* Source material:
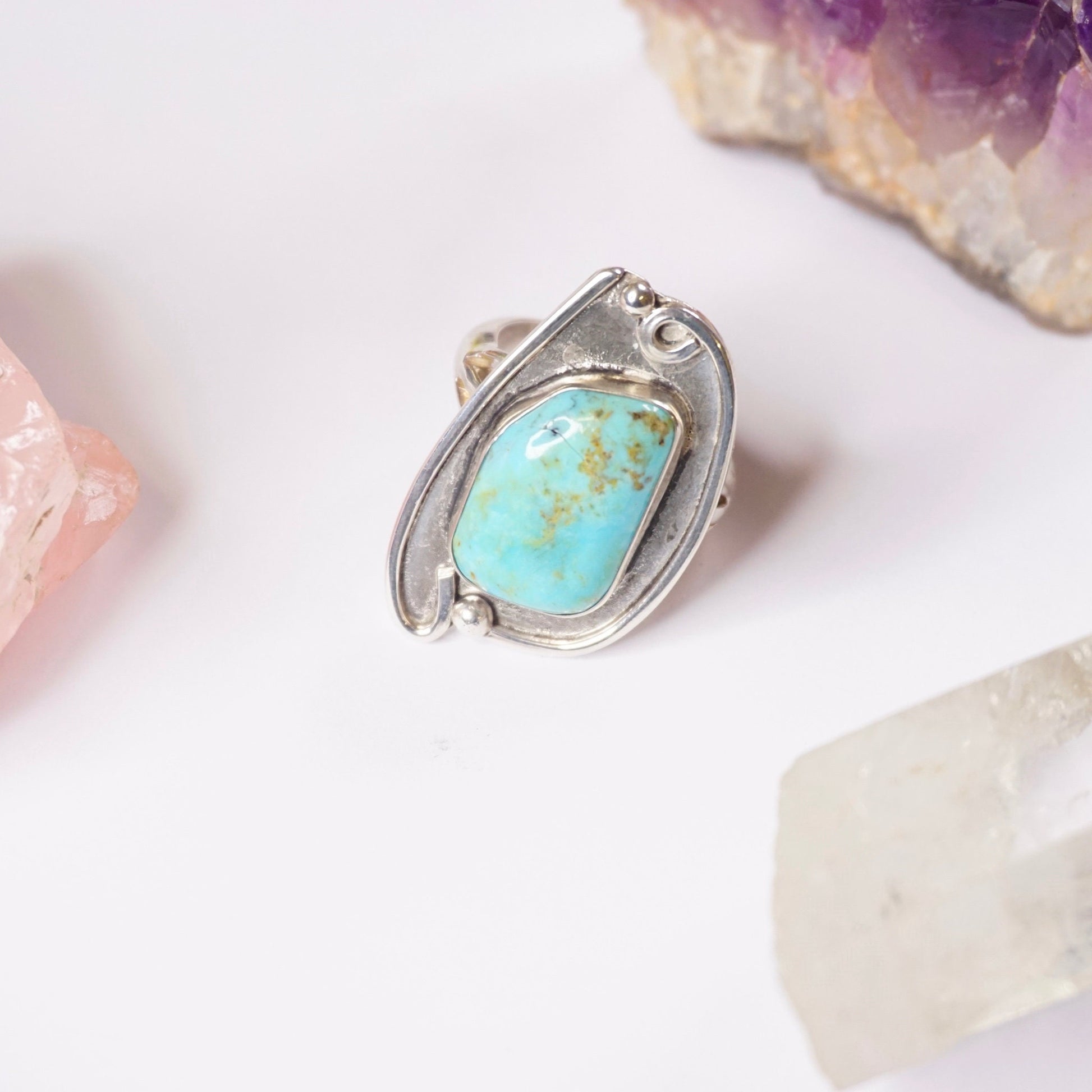 Vintage turquoise sterling silver ring featuring a large natural turquoise stone in an ornate silver setting, exemplifying traditional Native American jewelry design.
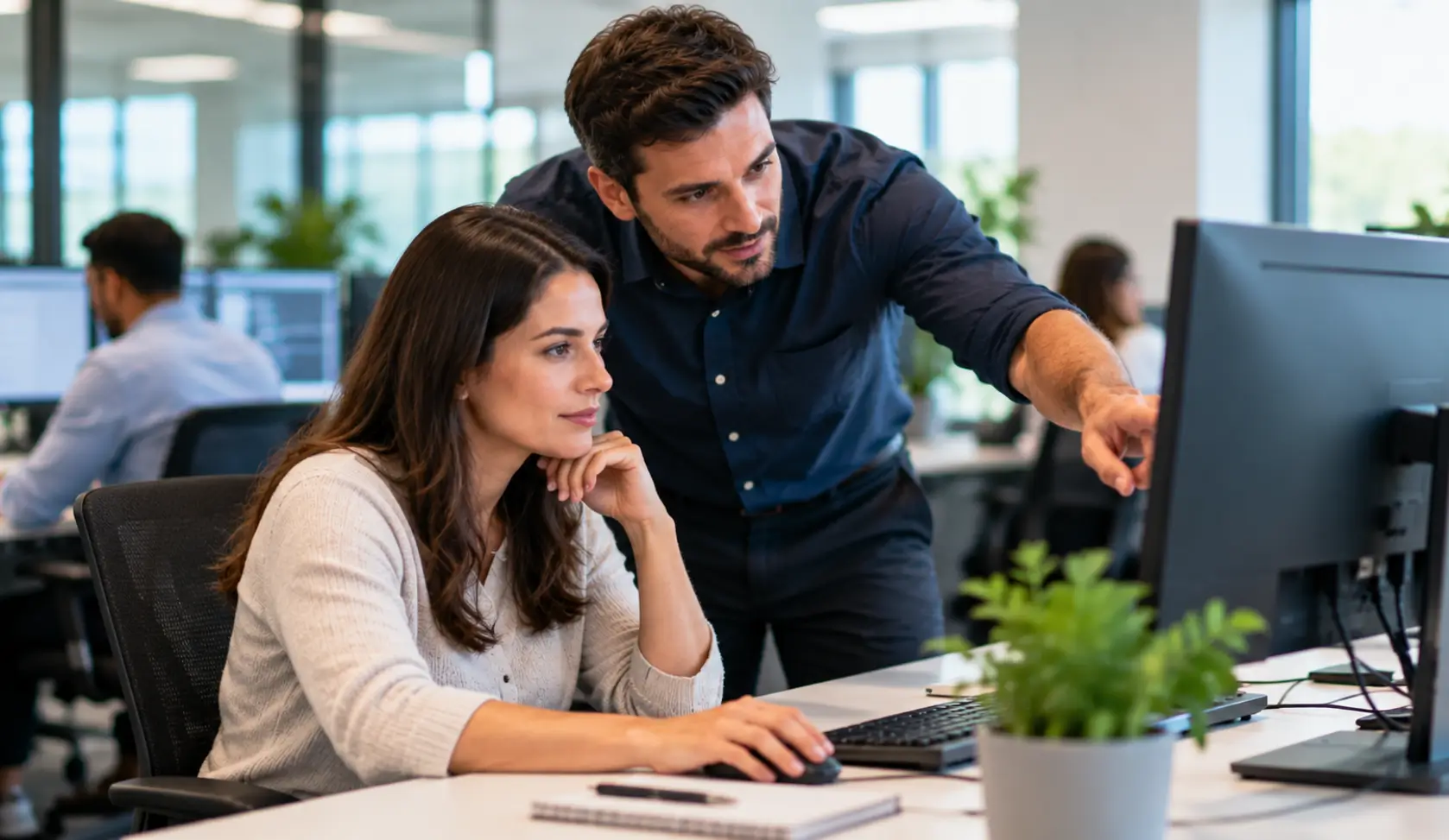 IT support professional helping an employee at a computer in an office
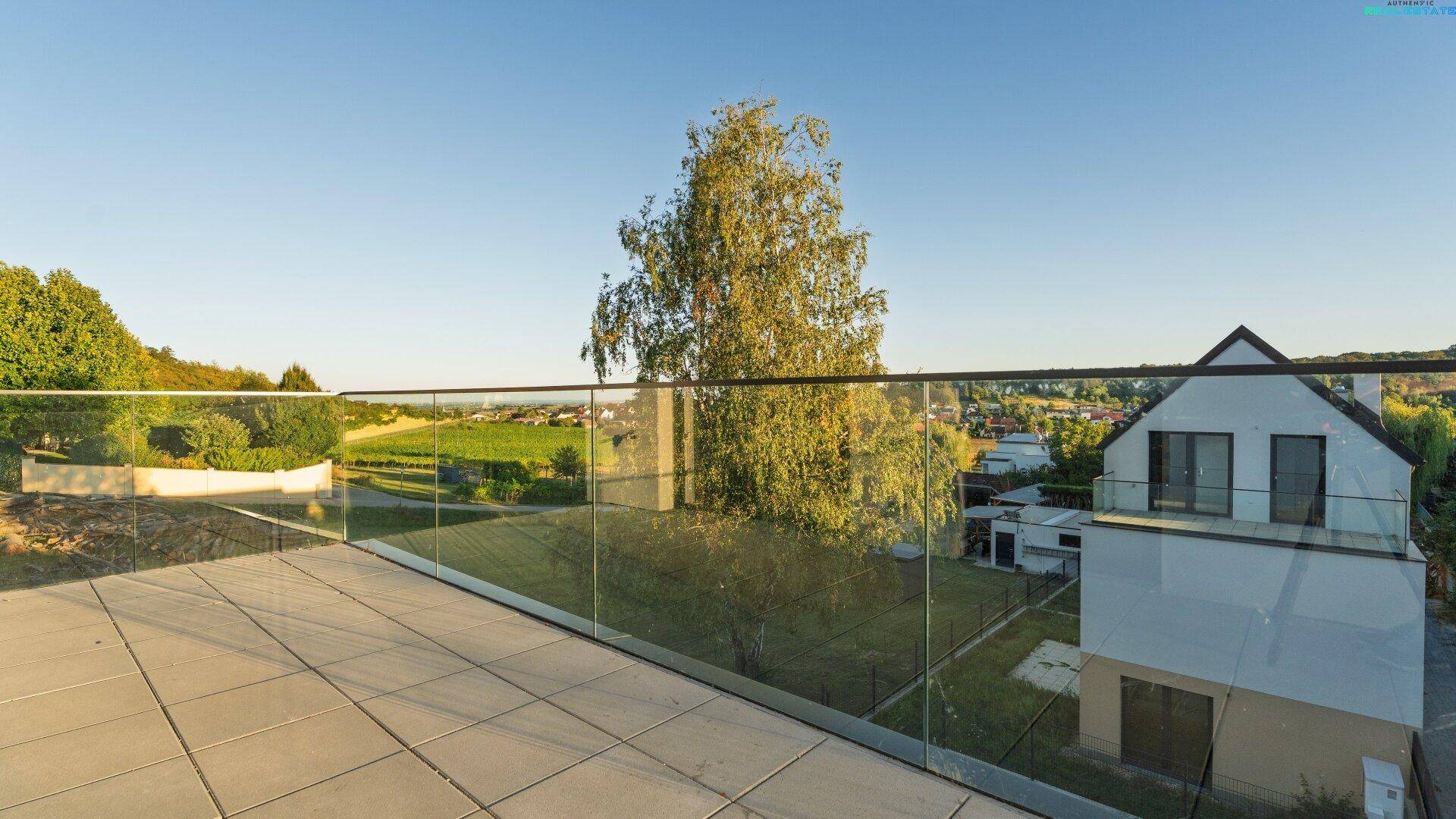 Geräumige Dachterrasse mit modernem Glasgeländer und Panoramablick auf die grüne Umgebung.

* Exercise prompt: Write out the whole listing again, exactly, with no pictures.

* Expected answer:
 Vintage turquoise sterling silver ring featuring a large natural turquoise stone in an ornate silver setting, exemplifying traditional Native American jewelry design.
 IT support professional helping an employee at a computer in an office
 Geräumige Dachterrasse mit modernem Glasgeländer und Panoramablick auf die grüne Umgebung.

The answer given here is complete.